The truth is, colds are caused by viruses. In order to get sick from the viruses that cause colds, you must come into contact with them. They must attach to your cells and multiply within your cells to cause infection. Although not dressing properly for the weather conditions is probably not a good idea, there is no direct evidence that a person can contract a cold because of it.
Also, a person need not have a weakened immune system to be susceptible to infections with cold viruses. In a study involving healthy adults, 95 percent became infected when cold viruses were administered through the nose. Of those, a large percentage developed symptoms associated with the common cold.

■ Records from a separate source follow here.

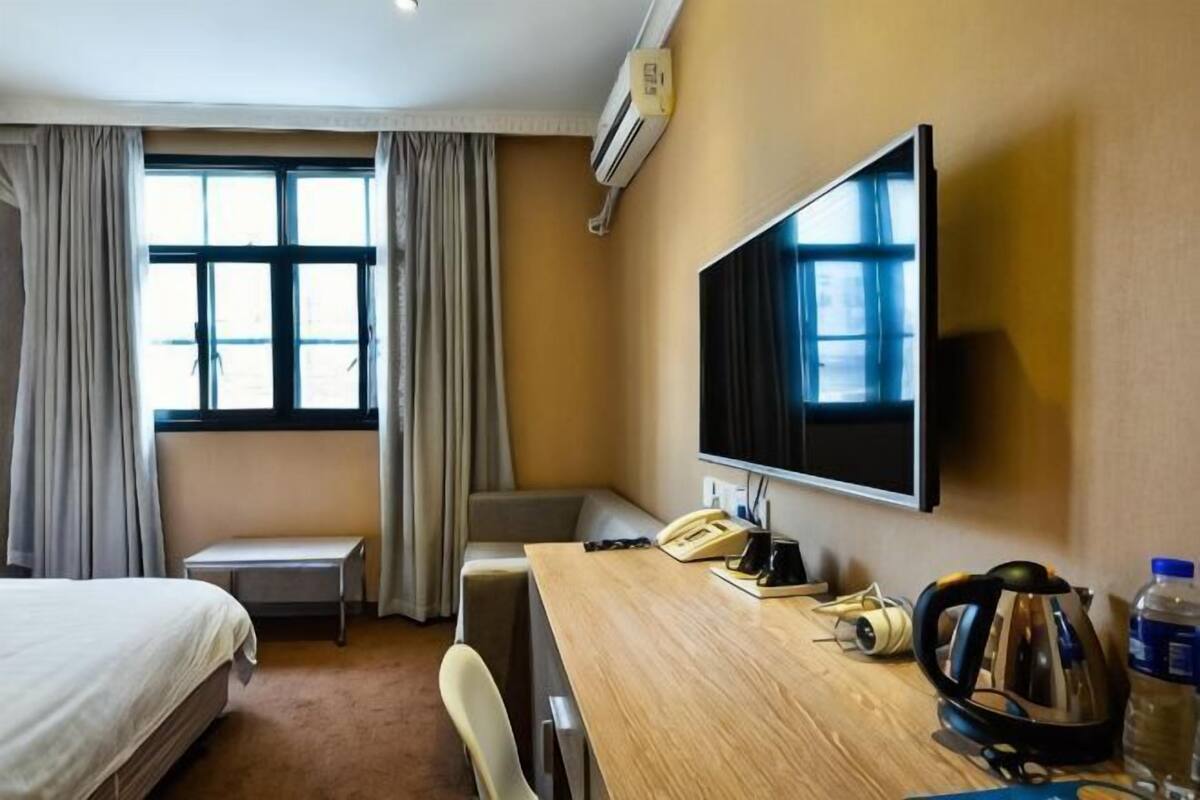 Minibar, in-room safe, desk, laptop workspace
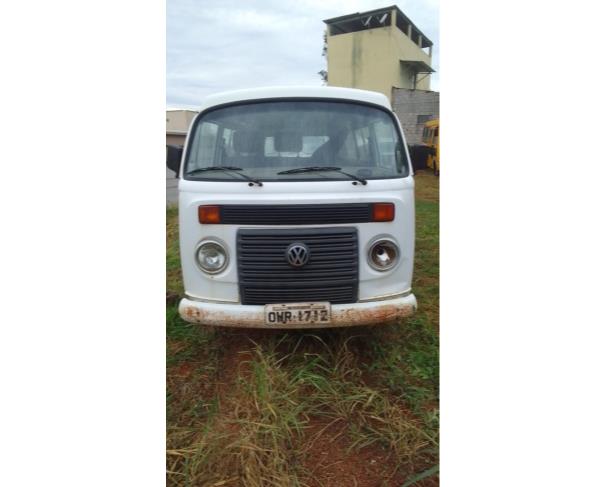 Foto de CAMIONETA VW/KOMBI, ALCOOL/GASOLINA, BRANCA, 9 LUGARES, 2013/2014, CHASSI: 9BWMF07X4EP014944, RENAVAM: 00654376409, NO ESTADO EM QUE SE ENCONTRA. 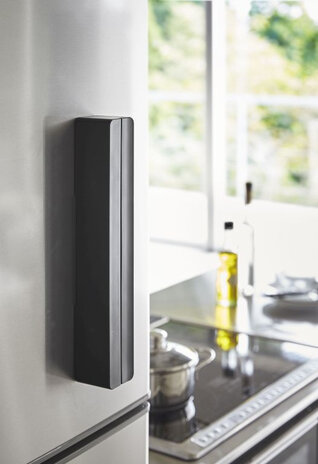 Yamazaki Yamazaki Magnetische Vershoudfolie Dispenser - Tower - black Yamazaki Yamazaki Magnetische Vershoudfolie Dispenser - Tower - black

More than 200 viruses are known to cause colds, and to date, there is no vaccine. There are so many different types or strains of cold viruses that it is difficult to develop a vaccine to provide protection from them all.
Most colds in the U.S. occur during the fall and winter months. The incidence for colds increases slowly beginning in late August and early September and remains high until the spring months.
Believe it or not, the Bible provides specific instructions for how to prevent the spread of infection. It specifically describes what sickness is (a discharge—i.e., fluid or mucus) and emphasizes the importance of keeping one’s distance from those who are ill and washing (bathing) to prevent infection (see Lev. 15:5,7,11,13).
The following preventive measures, now suggested by health-care professionals, are in line with these biblical recommendations:
» Avoid contact with people who are sick.
» Wash your hands often, especially after coming in contact with objects handled by someone who is sick.
» Avoid touching your face when you are around people who are sick.
Colds can affect people of all ages, and there is no cure for them. Fortunately, applying the simple preventive practices described above can greatly reduce the risks of infection.